This post is part of the series PhD Talk for AcademicTransfer: posts written for the Dutch academic career network AcademicTransfer, your go-to resource for all research positions in the Netherlands.
These posts are sponsored by AcademicTransfer, and tailored to those of you interested in pursuing a research position in the Netherlands.
If these posts raise your interest in working as a researcher in the Netherlands, even better – and feel free to fire away any questions you might have on this topic!
Any large research project, whether it is writing a PhD dissertation, working on a journal publication or writing a grant proposal, is obviously rooted in your analytical skills and research abilities, but won’t get finished unless you manage your project and time very well.
In most fields, however, our training in managing our projects (related to research or not), is rather limited. When you come to the Netherlands for your academic career, you will see that one of the advantages of doing science in the Netherlands is that there is good support from universities and funding bodies for short workshops that can help you develop these managing skills.
If you have no training in managing projects or have never really streamlined your research processes, you might like to stop and pause for a moment and ask yourself: “What does my usual workflow process look like?”. Then, ask yourself: “How can I do this more efficiently and effectively?”.
To work more effectively, it is important to ask yourself regularly: “Does this answer my research question?”. If not, file it in a “sometime” folder and play with that research idea later. At this point, it is not relevant enough to spend more time on it.
To work more efficiently, you can follow these steps:
1. Write a quick outline
Start with a plan. If you just start researching in the wild without a plan, it would be like driving to a new place without a map or GPS.
Before you do anything else, before you estimate how much time the whole thing will take you, just take a sheet of paper and write down a quick outline of the steps that need to be done. For these steps, list down the tasks that you need to carry out, and estimate how much time they will take you. Always add 20-30% extra time as a buffer for your tasks to be on the safe side.
2. Plan the parts of your outline
Once you have your outline, you can start planning when you will be doing these tasks. Whenever you plan, keep in mind that you never get to really “work” all the hours that you are in your office. There can be phone calls, emails and other interruptions (I do suggest you plan in a time slot per day to deal with these, and ruthlessly eliminate these distractions at other times of the day).
Unless you have no single other responsibility but your task at hand, you will need to carve out a few hours a day to work on it. For PhD candidates, the other responsibilities can be limited, and you typically can devote at least 5 to 6 hours a day to your project at hand.
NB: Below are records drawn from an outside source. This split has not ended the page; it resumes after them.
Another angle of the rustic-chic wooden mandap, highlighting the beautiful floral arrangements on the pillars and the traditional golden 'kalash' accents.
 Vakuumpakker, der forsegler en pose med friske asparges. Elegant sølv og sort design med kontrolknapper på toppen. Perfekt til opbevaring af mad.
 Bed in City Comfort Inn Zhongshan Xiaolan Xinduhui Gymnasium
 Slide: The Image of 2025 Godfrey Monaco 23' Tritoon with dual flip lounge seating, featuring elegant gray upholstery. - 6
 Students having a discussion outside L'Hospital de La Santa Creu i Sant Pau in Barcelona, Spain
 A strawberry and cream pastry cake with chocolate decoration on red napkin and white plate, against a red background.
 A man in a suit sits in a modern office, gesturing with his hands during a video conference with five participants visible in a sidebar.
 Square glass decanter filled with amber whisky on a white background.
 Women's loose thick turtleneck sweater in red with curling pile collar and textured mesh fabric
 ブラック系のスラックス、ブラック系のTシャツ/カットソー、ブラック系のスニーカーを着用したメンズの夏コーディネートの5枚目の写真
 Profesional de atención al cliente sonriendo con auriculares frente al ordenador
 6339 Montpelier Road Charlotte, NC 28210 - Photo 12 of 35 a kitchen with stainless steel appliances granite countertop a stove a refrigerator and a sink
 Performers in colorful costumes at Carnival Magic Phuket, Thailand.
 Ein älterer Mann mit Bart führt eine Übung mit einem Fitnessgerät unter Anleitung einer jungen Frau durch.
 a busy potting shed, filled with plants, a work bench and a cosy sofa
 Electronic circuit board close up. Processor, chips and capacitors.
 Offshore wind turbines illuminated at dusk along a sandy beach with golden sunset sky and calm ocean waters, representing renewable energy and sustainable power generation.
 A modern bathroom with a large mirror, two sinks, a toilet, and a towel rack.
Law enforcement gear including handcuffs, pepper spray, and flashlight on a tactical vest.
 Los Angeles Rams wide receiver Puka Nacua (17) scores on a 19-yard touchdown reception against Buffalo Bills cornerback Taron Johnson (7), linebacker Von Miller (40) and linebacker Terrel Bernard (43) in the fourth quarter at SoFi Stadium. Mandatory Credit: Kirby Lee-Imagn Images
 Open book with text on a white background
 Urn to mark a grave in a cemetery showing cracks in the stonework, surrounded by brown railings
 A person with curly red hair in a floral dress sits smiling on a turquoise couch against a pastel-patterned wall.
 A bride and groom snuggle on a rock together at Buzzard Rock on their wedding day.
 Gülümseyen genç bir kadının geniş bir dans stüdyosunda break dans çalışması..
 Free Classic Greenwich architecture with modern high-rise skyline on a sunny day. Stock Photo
For a starting assistant professor like me, who is developing new courses and having a high teaching load, finding 1 to 2 hours a day for research is a challenge (I tend to do my research early in the morning, before students start showing up and other tasks creep into my research time).
Now take your physical or digital calendar, and start scheduling time slots to work on your research tasks.
3. Assemble your toolkit
Before you enthusiastically start delving into your new project, take a moment to ask yourself: “What do I need?”. Do you have the books you need, or do you know where to find them in the library? Do you have access to the right journals and software licenses? Do you have the material in the lab that you need for your experiments? Take a moment to make an inventory. If something is missing, start bugging the right people for getting your licenses or material to avoid that you’ll get stuck at some point, waiting for the delivery of a missing piece of equipment.
Plan time while you are working on your project to check your progress and course-correct if necessary. A checkpoint can be a meeting with your supervisor at a certain point into your research to see if you are on the same track and if he agrees with the direction in which you are going. Another checkpoint can be your weekly or monthly self-assessment, in which you analyze what work you did the past week/month, which work you did not do, and why you couldn’t do it. Revise how much time things really take you. Think about what goes particularly well, and what you might be struggling with. Self-assessments are important in the process of becoming a fully independent researcher.
5. Document your assumptions and process
While working on your research project, keep track of the trails that did not work out. Keep a version management tab in your spreadsheets so that you know what you did when and why you made certain changes. In science, your basic assumptions are extremely important – so write them do.
I like keeping track of my assumptions and choices in a separate file. I also like keeping all the handwritten pages that led me to my ultimate choice for a certain model or theory, so that I can later on revisit the logic I followed.
6. Project journal
You will lose pages of calculations, and you will forget where you put a certain measurement device in an experiment. Therefore, keep your labbook or research journal or whatever you like to call it – and write down briefly what you did every day in your project, which files you created or worked with, and why you made certain choices. Such a journal will give you the quick overview of the progress of your project, and can be a lifesaver when you try to remember what you did a few months earlier.